RECORDS FOR THE EXERCISE:
========================================================================

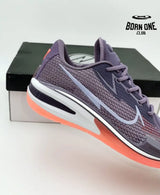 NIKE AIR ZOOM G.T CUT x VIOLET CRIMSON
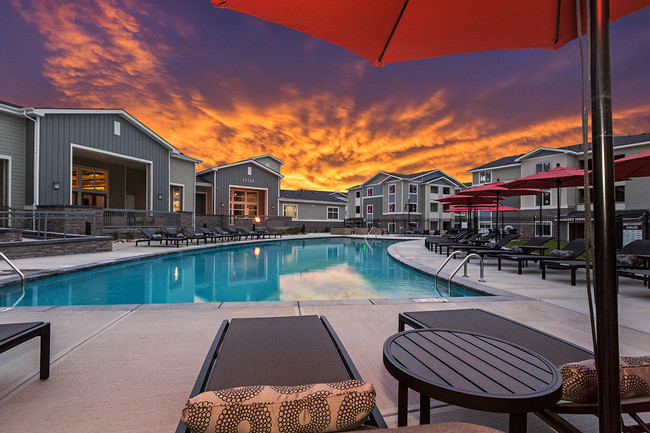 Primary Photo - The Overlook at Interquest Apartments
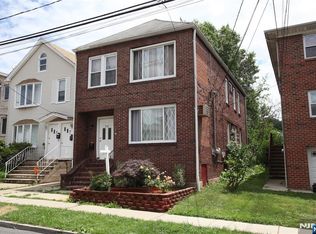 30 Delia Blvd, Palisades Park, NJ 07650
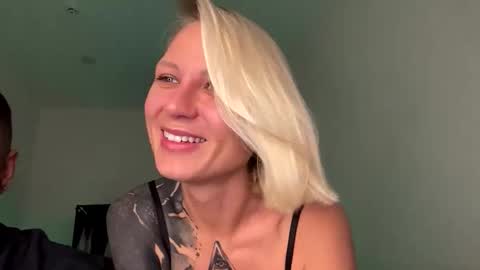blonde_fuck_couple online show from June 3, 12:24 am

========================================================================

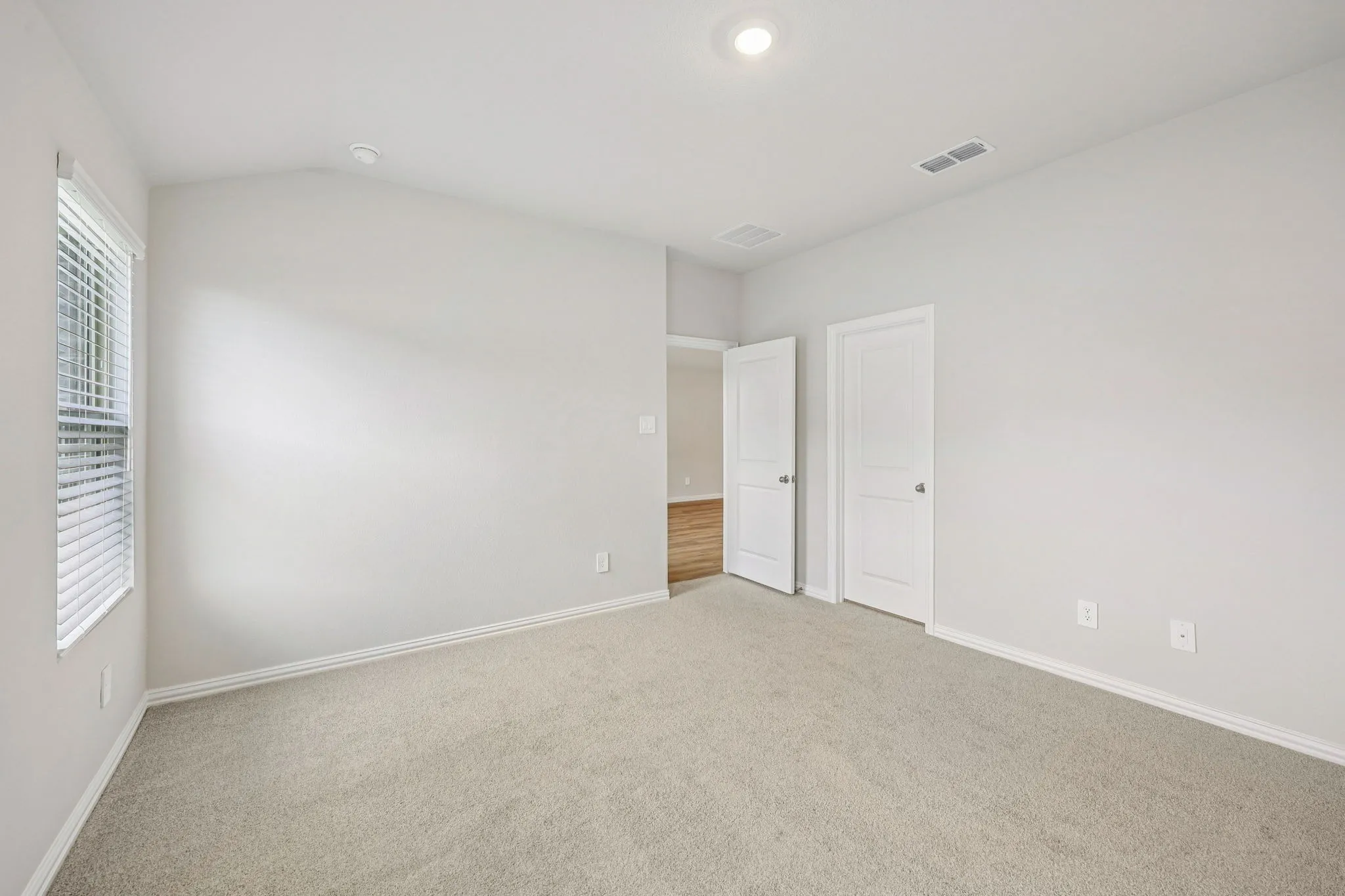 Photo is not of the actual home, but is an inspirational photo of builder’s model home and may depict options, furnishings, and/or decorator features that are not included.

========================================================================

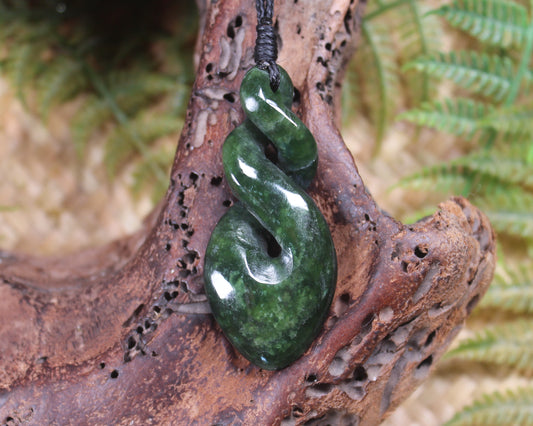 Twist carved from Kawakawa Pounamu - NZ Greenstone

========================================================================

What should come back is an exact copy of the lines above from the line with "NIKE AIR ZOOM G.T CUT x VIOLET CRIMSON" to the line with "blonde_fuck_couple online show", both included, minus the pictures.

 NIKE AIR ZOOM G.T CUT x VIOLET CRIMSON
 Primary Photo - The Overlook at Interquest Apartments
 30 Delia Blvd, Palisades Park, NJ 07650
blonde_fuck_couple online show from June 3, 12:24 am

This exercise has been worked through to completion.